*Records for processing:*
· · · ·
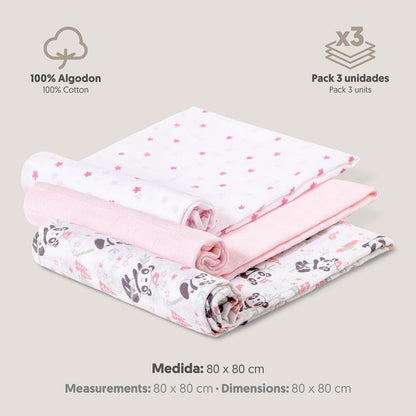 Interbaby puuvillased mähkmed 80 × 80 cm, 3 tk, roosa, mudel 98971-02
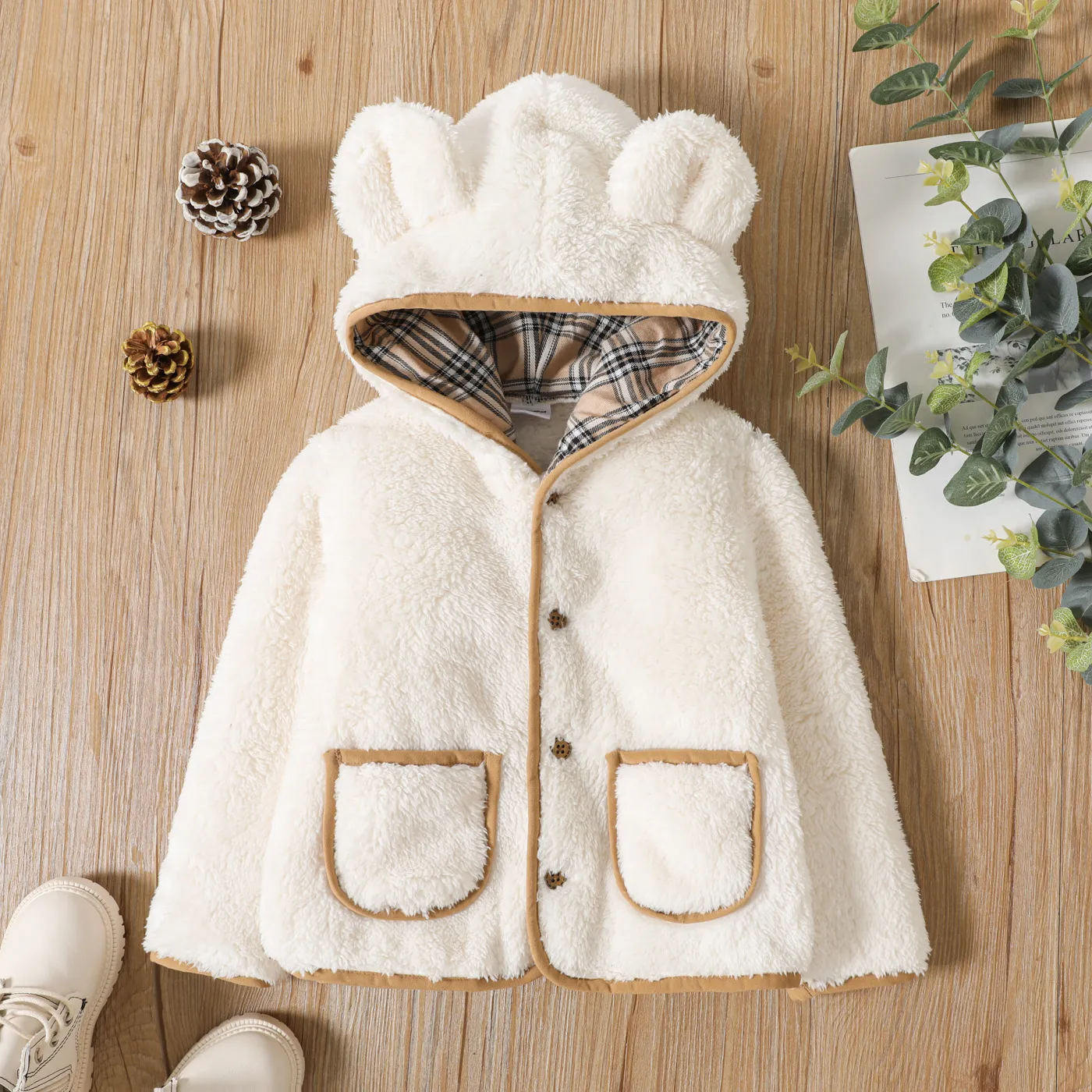 Toddler Boy Plaid Splice Ear Design Fleece Coat  big image 1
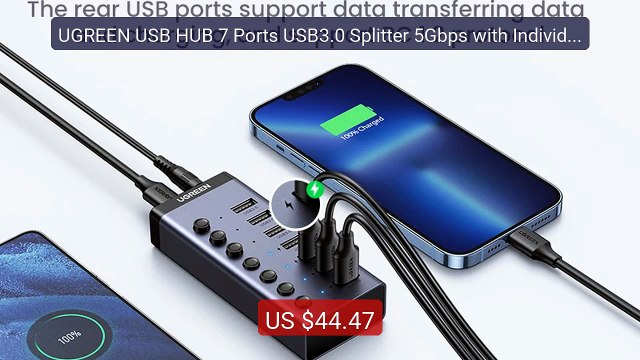 UGREEN USB HUB 7 Ports USB3.0 Splitter 5Gbps with Individual Switc... — Best Deal 2026 | Shop Now!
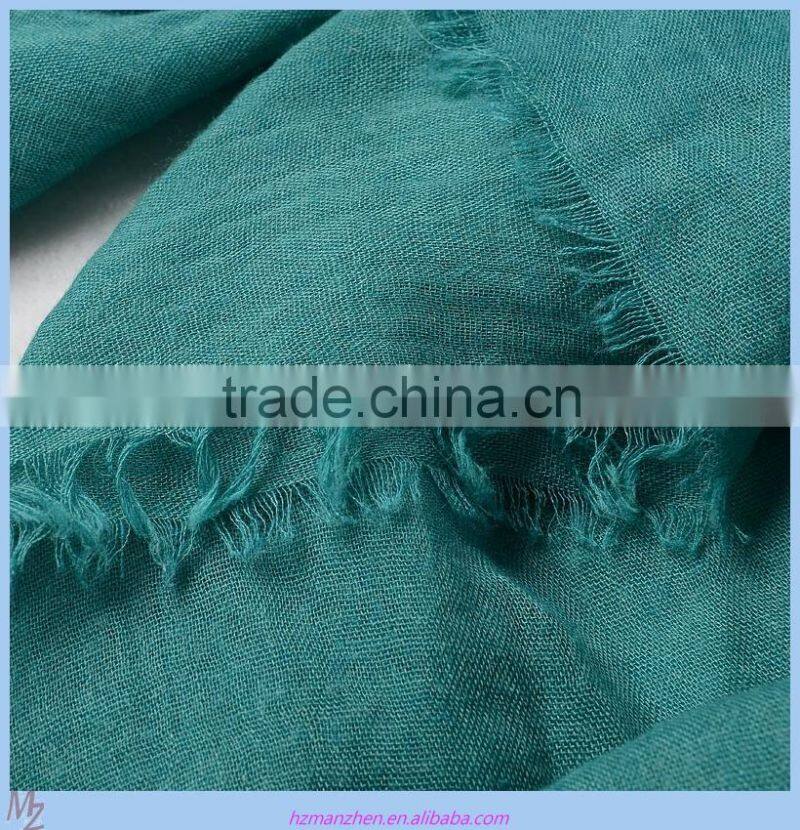 2015 fashion Pure color Polyester linen scarf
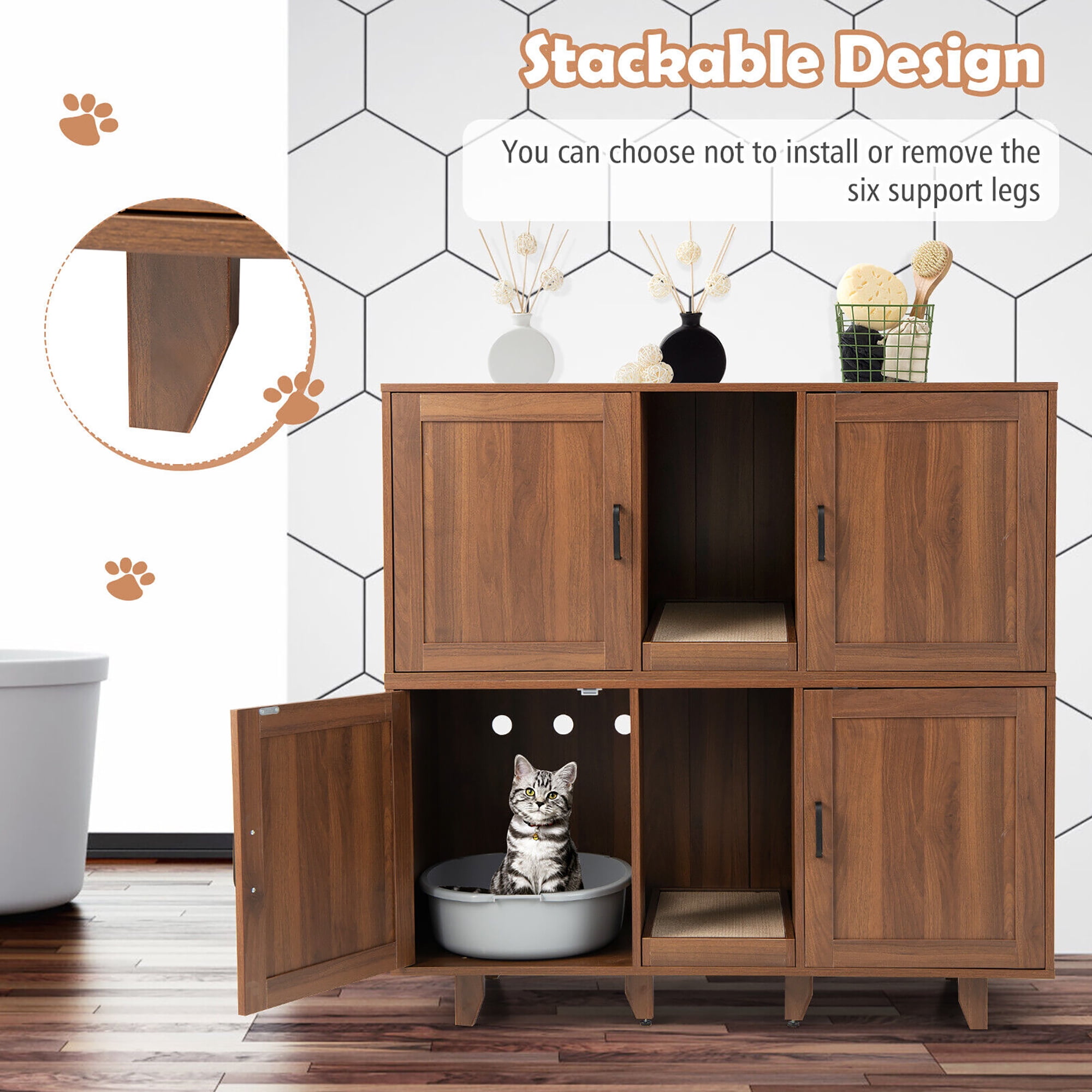 Gymax Cat Litter Box Enclosure Hidden Cat Washroom w/ 2 Doors Coffee Patented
· · · ·
*Activity:*
In the copy, include each line from the start of the material through the line with "2015 fashion Pure", word for word, but none of the pictures.

*Exercise output:*
 Interbaby puuvillased mähkmed 80 × 80 cm, 3 tk, roosa, mudel 98971-02
 Toddler Boy Plaid Splice Ear Design Fleece Coat  big image 1
 UGREEN USB HUB 7 Ports USB3.0 Splitter 5Gbps with Individual Switc... — Best Deal 2026 | Shop Now!
 2015 fashion Pure color Polyester linen scarf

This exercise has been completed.